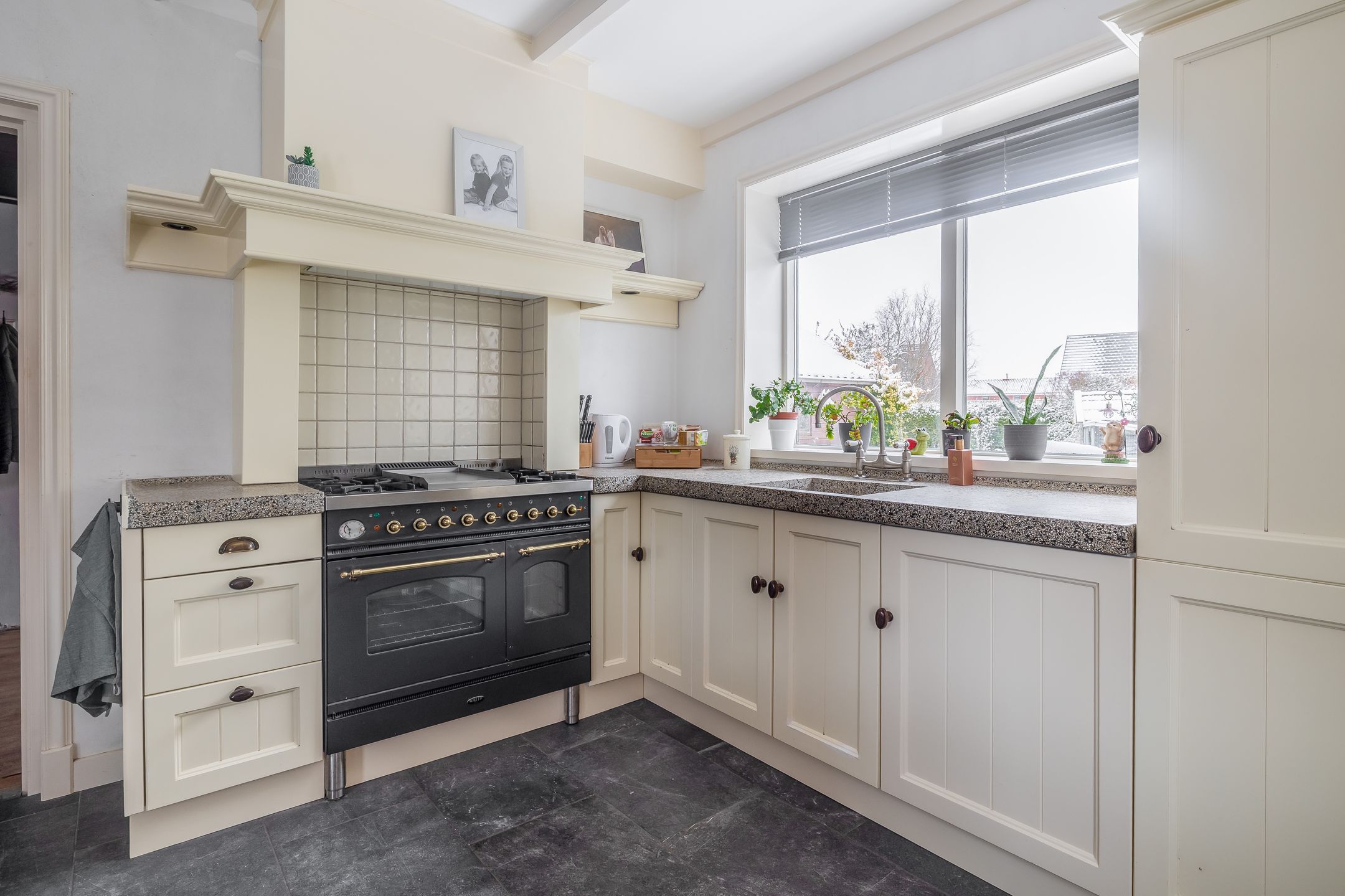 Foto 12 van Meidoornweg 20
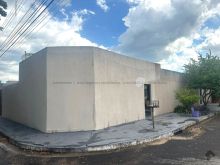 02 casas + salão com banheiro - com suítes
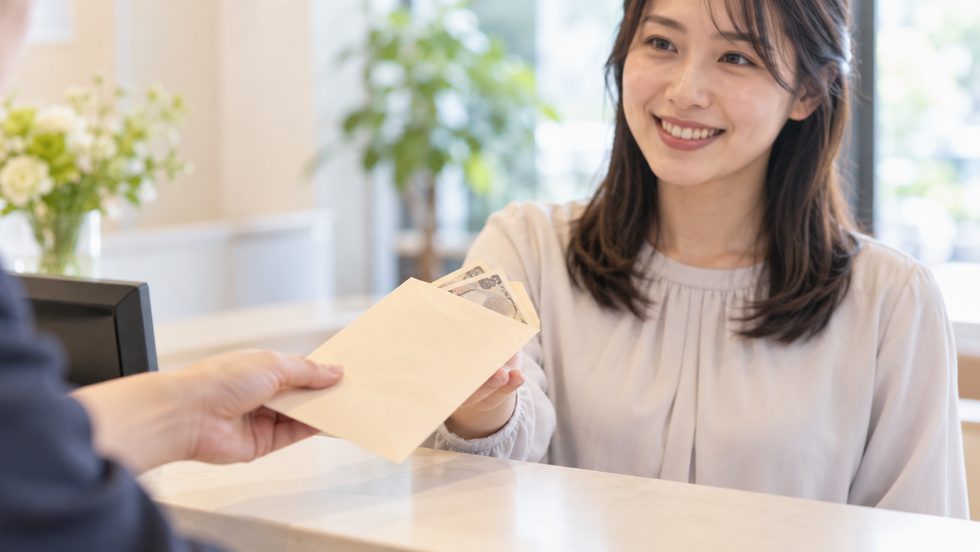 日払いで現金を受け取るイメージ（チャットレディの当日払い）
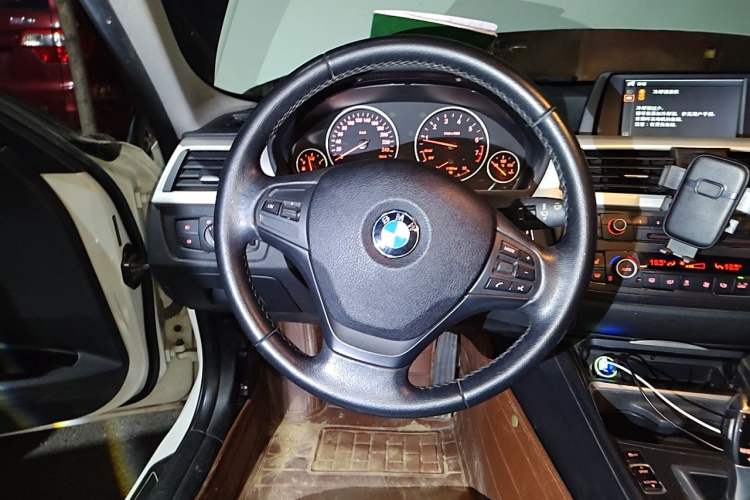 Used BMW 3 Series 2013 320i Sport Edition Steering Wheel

Work to complete: Excluding pictures, print all lines above exactly.

Written answer:
 Foto 12 van Meidoornweg 20
 02 casas + salão com banheiro - com suítes
 日払いで現金を受け取るイメージ（チャットレディの当日払い）
 Used BMW 3 Series 2013 320i Sport Edition Steering Wheel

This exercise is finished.